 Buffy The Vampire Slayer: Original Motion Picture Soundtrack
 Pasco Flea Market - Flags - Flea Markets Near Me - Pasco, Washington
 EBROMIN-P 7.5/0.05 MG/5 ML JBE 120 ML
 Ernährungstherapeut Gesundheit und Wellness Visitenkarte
---
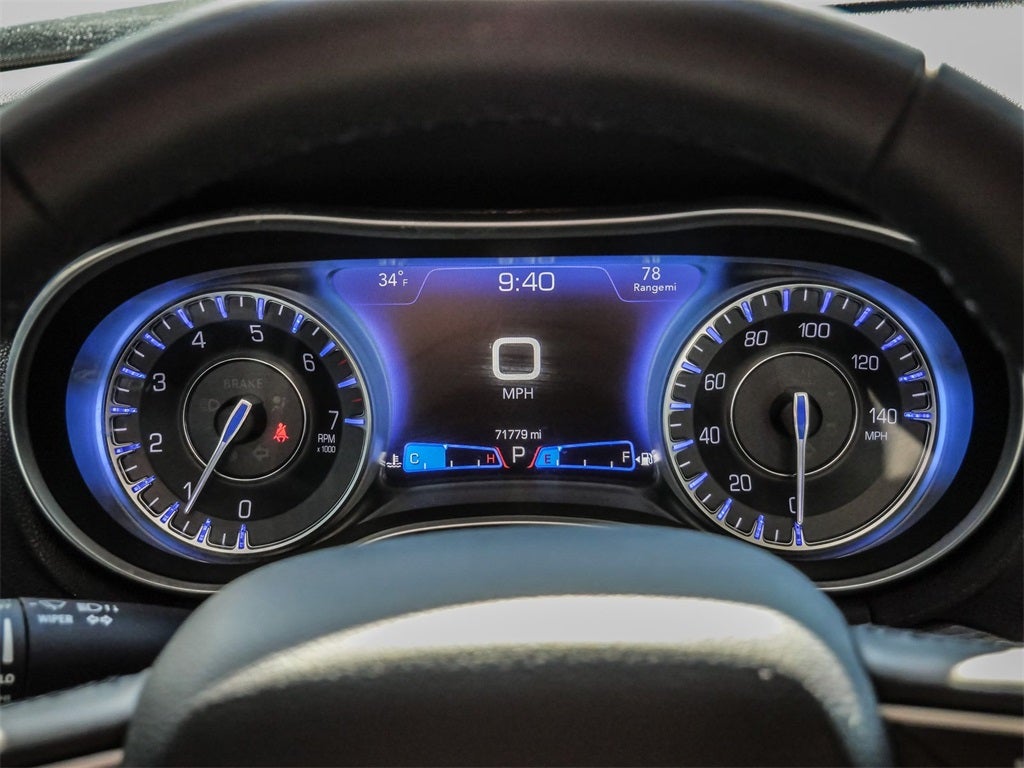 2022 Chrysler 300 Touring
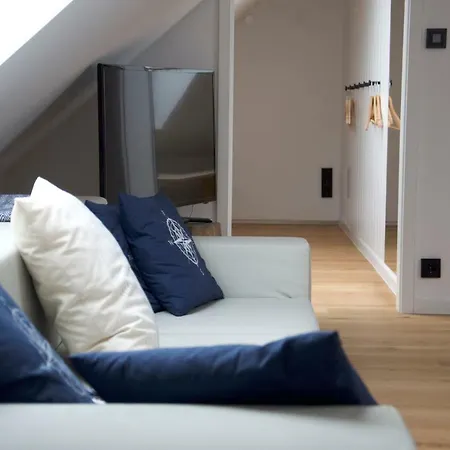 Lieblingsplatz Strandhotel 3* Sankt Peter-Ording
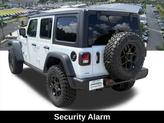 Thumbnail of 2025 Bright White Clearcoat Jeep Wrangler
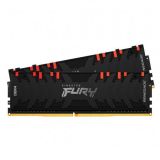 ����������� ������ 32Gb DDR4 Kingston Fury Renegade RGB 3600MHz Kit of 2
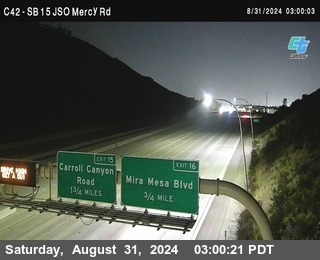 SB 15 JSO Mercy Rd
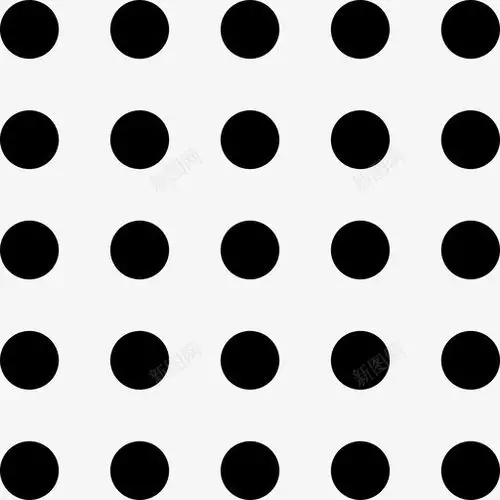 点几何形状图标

## Task description
Reproduce verbatim only the segment of the listing bounded by the line containing "EBROMIN-P 7.5/0.05 MG/5 ML JBE 120 ML" and the line containing "Ernährungstherapeut Gesundheit und", with both boundary lines included.

## Answer area
 EBROMIN-P 7.5/0.05 MG/5 ML JBE 120 ML
 Ernährungstherapeut Gesundheit und Wellness Visitenkarte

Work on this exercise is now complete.